— Stored data —
________________________________________
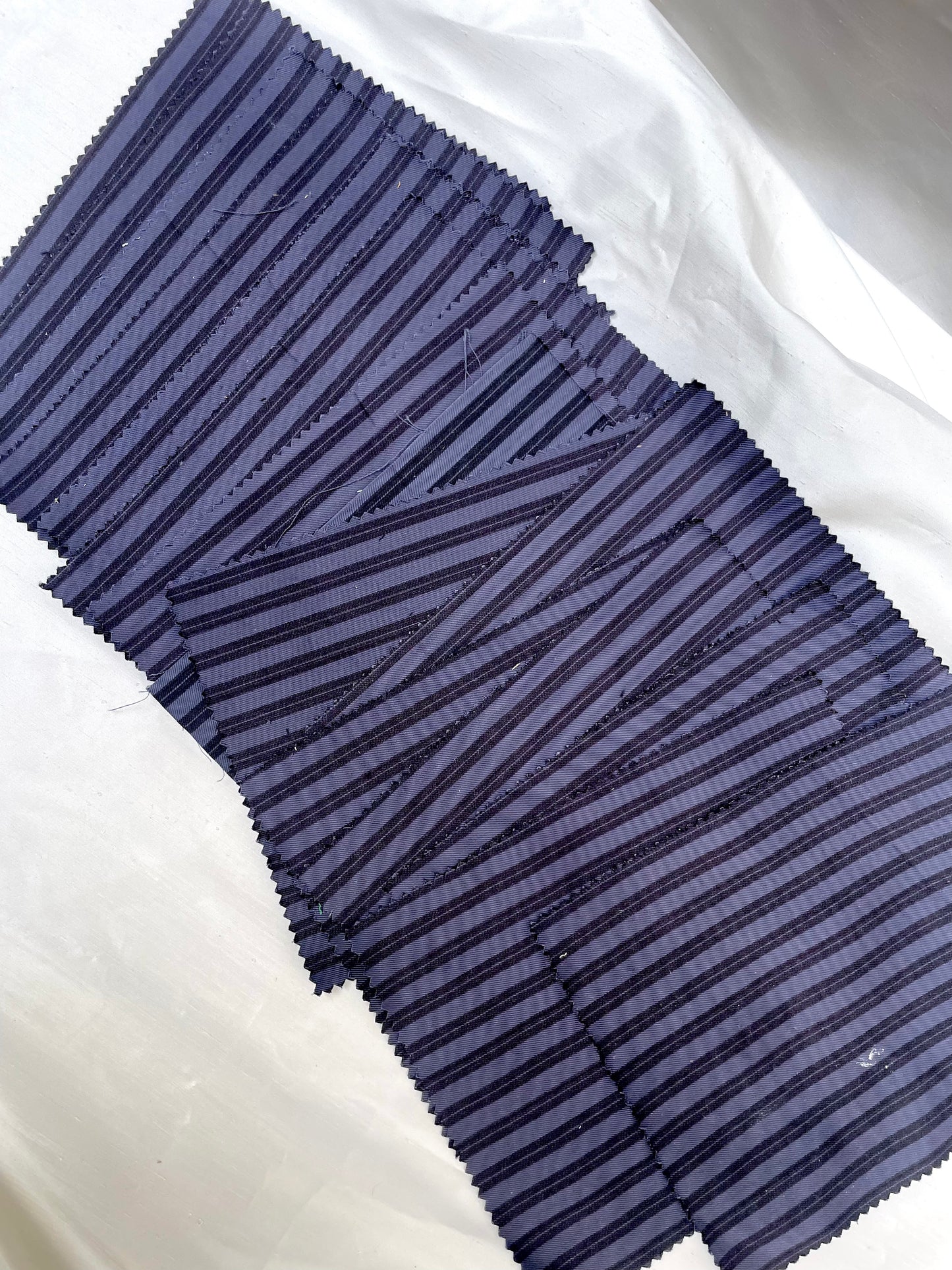 Navy Blue Striped Fabric Sample Bundle of 15 from HOWE *ONE-OFF*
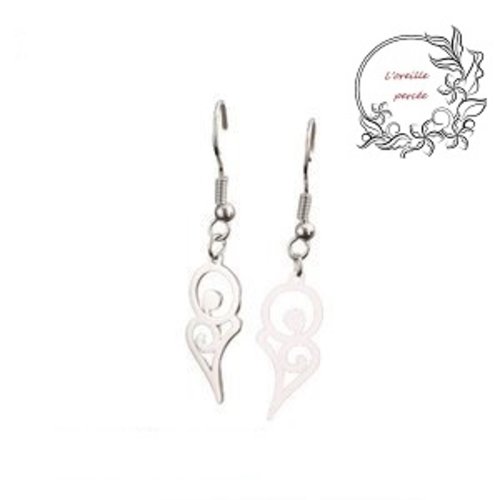Boucle d'oreille pendante acier inoxydable
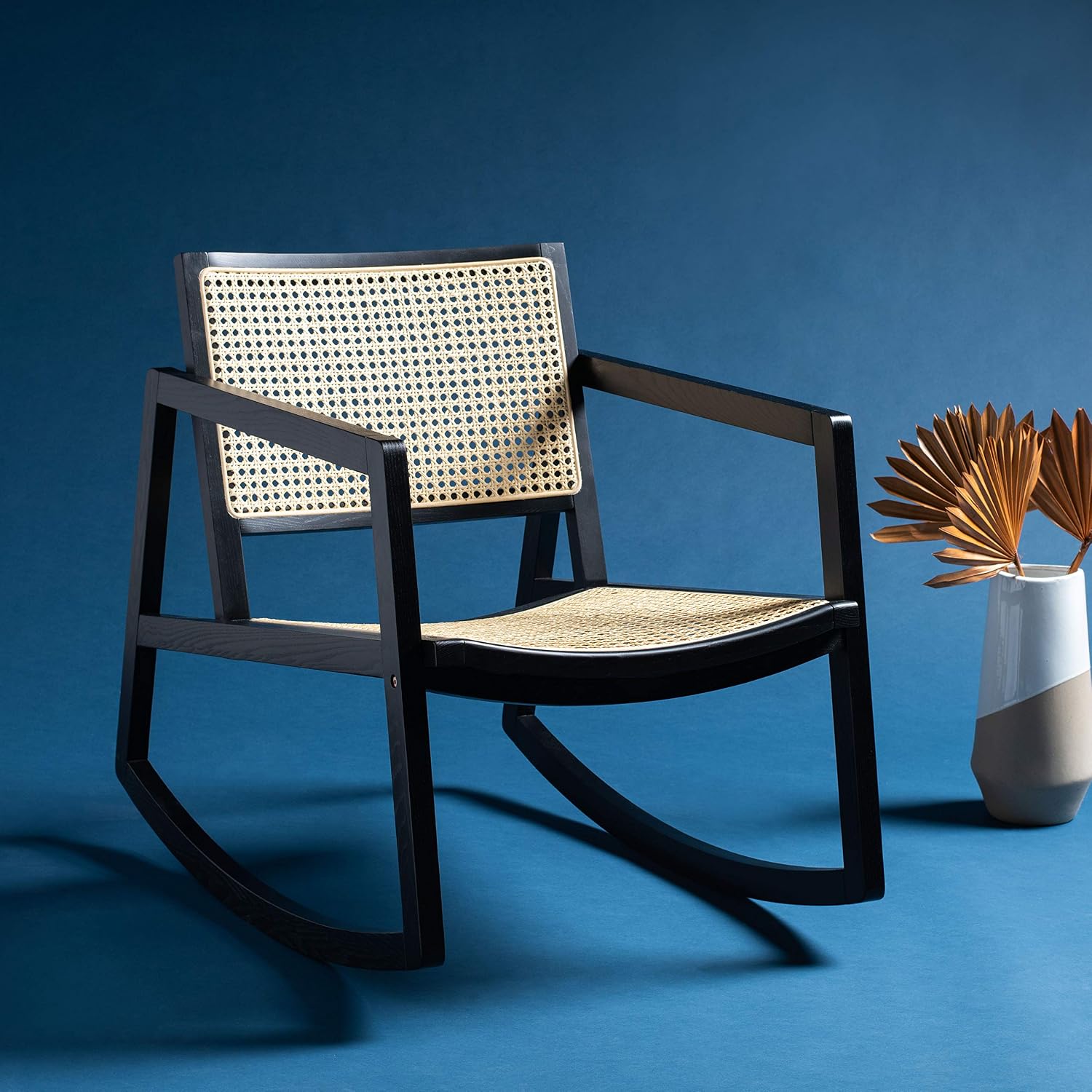 Safavieh Couture Perth Black and Natural Rattan Rocking Chair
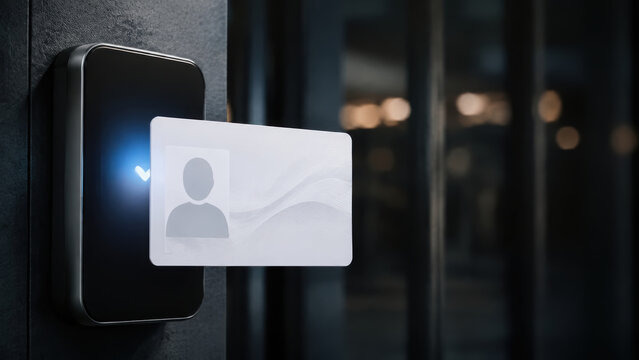 Customizable card id beside glowing access reader in dark modern building entrance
________________________________________
— The problem —
Your answer must be the full listing, word for word, minus any images.

— The completed task —
 Navy Blue Striped Fabric Sample Bundle of 15 from HOWE *ONE-OFF*
Boucle d'oreille pendante acier inoxydable
 Safavieh Couture Perth Black and Natural Rattan Rocking Chair
 Customizable card id beside glowing access reader in dark modern building entrance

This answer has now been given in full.